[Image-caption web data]

◇ ◇ ◇

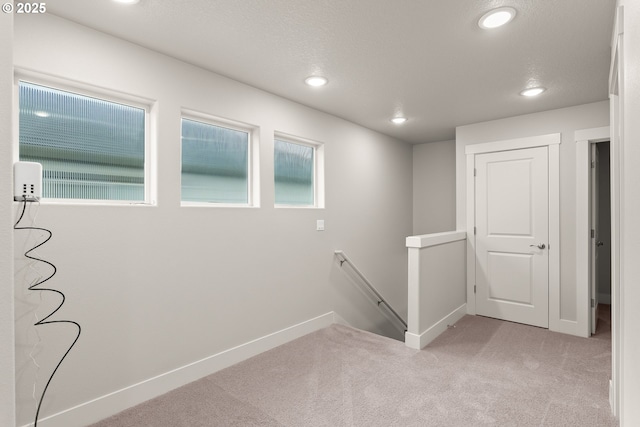 hall with light colored carpet and a textured ceiling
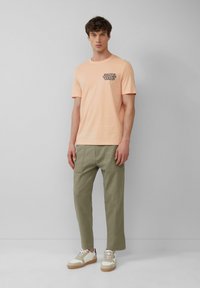 Perzikkleurig katoen T-shirt met korte mouwen, met zwarte grafische tekst op de linkerkant van de borst; gecombineerd met lichtgroene cargo-broek en witte sneakers.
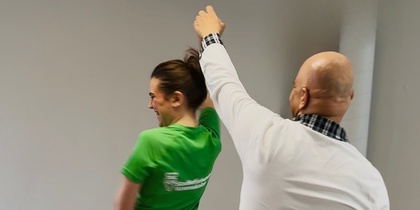 Leende person i SV-tröja dansar med person i vit tröja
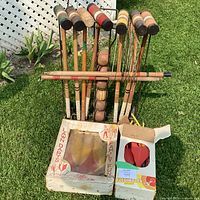 Front view on grass showing wooden croquet mallets, balls in wicket frame, stake across front and two lawn darts boxes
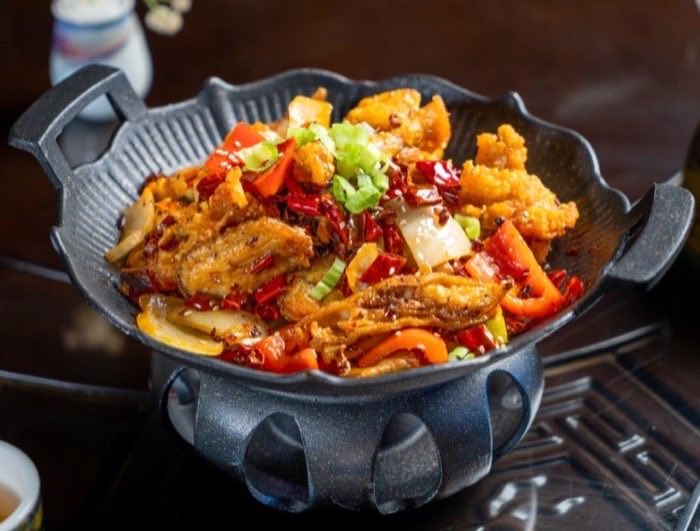 Chicken with dried chili and peppers in a cast iron dry pot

◇ ◇ ◇

Pictures aside, return all the entries above exactly.

» **Result**:
 hall with light colored carpet and a textured ceiling
 Perzikkleurig katoen T-shirt met korte mouwen, met zwarte grafische tekst op de linkerkant van de borst; gecombineerd met lichtgroene cargo-broek en witte sneakers.
 Leende person i SV-tröja dansar med person i vit tröja
 Front view on grass showing wooden croquet mallets, balls in wicket frame, stake across front and two lawn darts boxes
 Chicken with dried chili and peppers in a cast iron dry pot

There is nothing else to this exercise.